▸ WHAT YOU NEED TO DO:
Each line from the one holding "Leaked Kylieraeee private" through the end of the records should be returned exactly, while pictures are skipped.

▸ MATERIAL FOR THIS EXERCISE:
^^^^^^^^
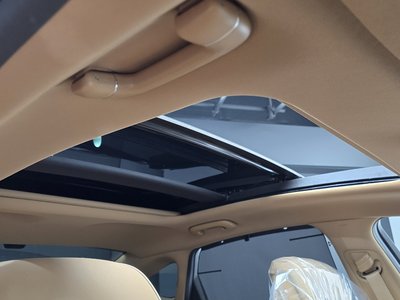 2024 Genesis G80 (RG3) thumbnail 18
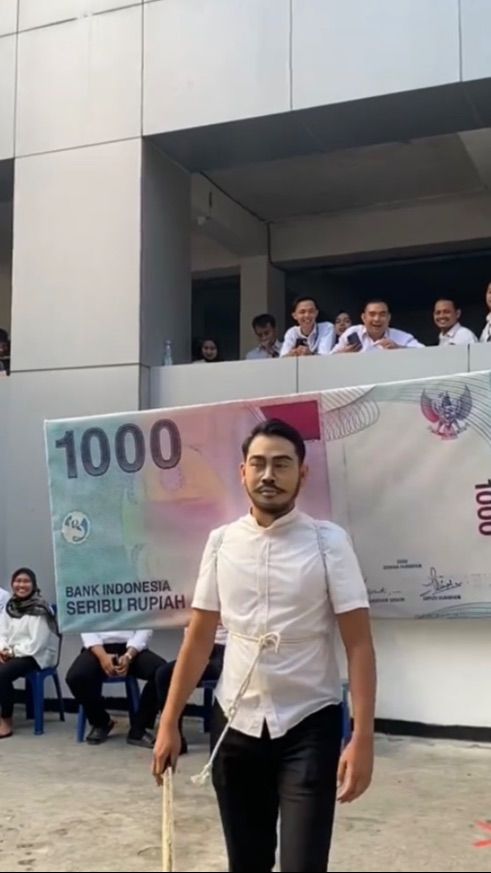 Viral Aksi Pria Cosplay Jadi Kapitan Pattimura di Lembaran Uang Rp1.000, Curi Perhatian Warganet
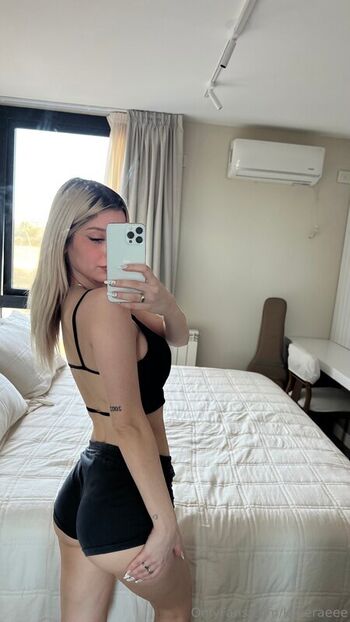 Leaked Kylieraeee private photo viral onlyfans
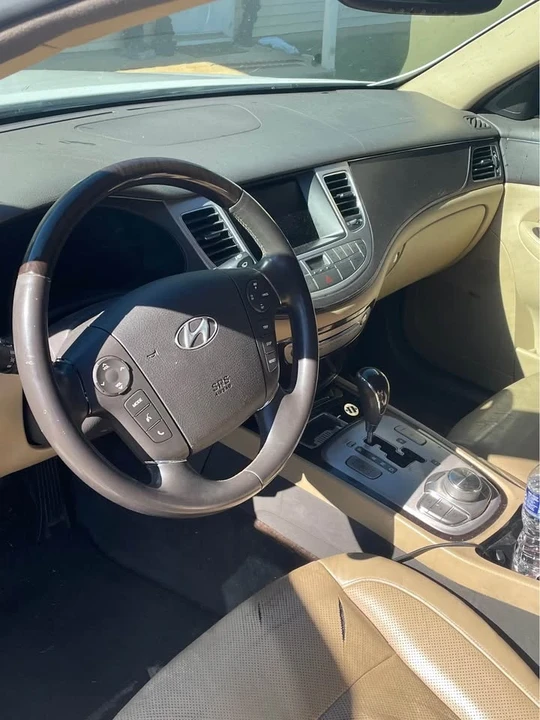 2009 Hyundai Genesis - Image 5 of 10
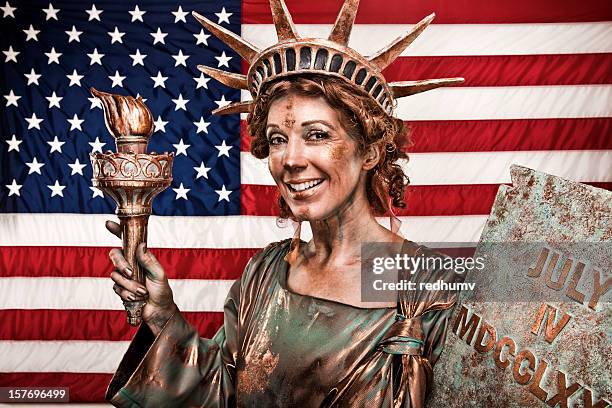 patriótica estadounidense lady liberty - period costume fotografías e imágenes de stock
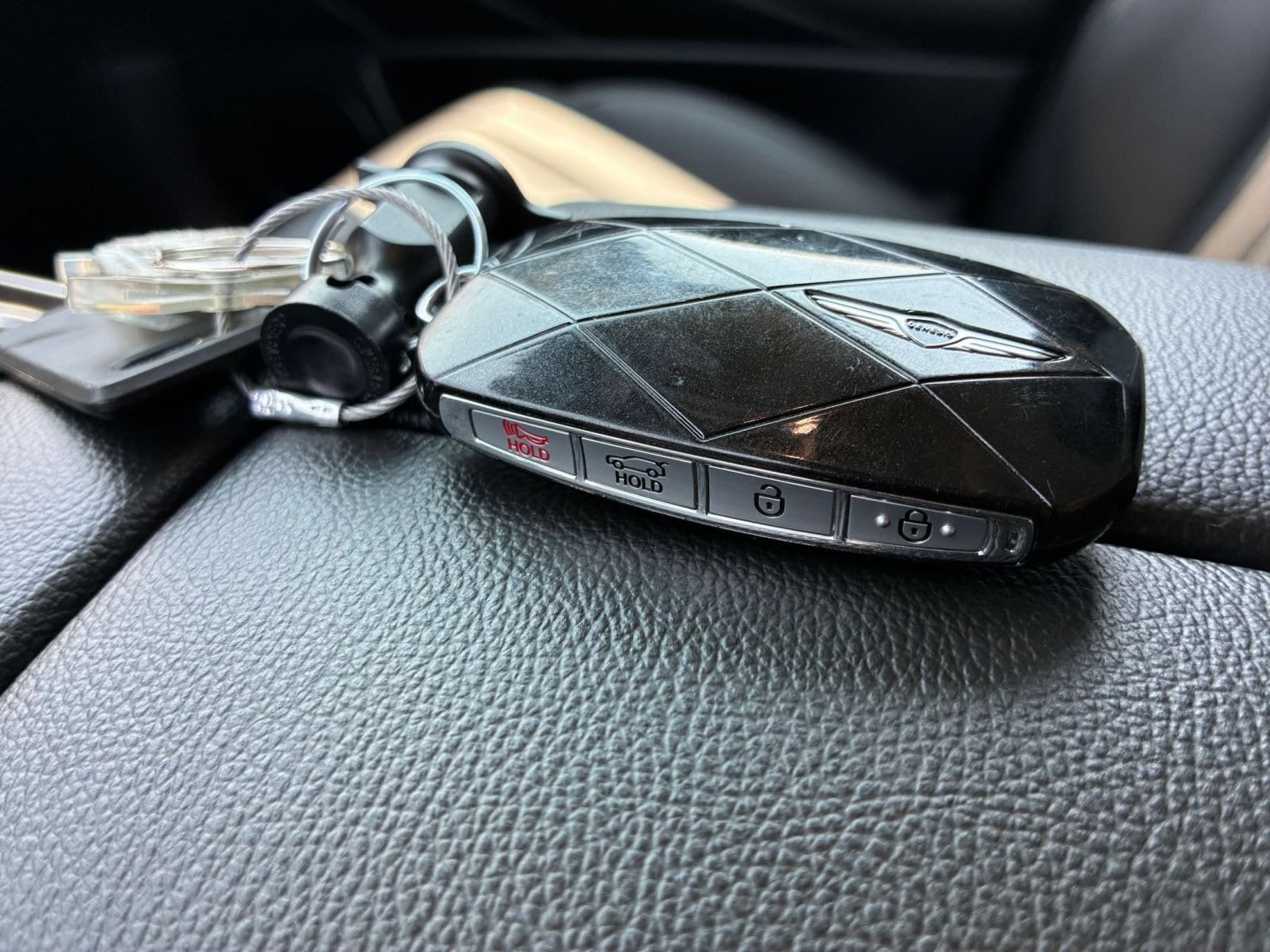 Thumbnail: 2026 Genesis GV80 - 28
^^^^^^^^
▸ EXERCISE RESPONSE:
 Leaked Kylieraeee private photo viral onlyfans
 2009 Hyundai Genesis - Image 5 of 10
 patriótica estadounidense lady liberty - period costume fotografías e imágenes de stock
 Thumbnail: 2026 Genesis GV80 - 28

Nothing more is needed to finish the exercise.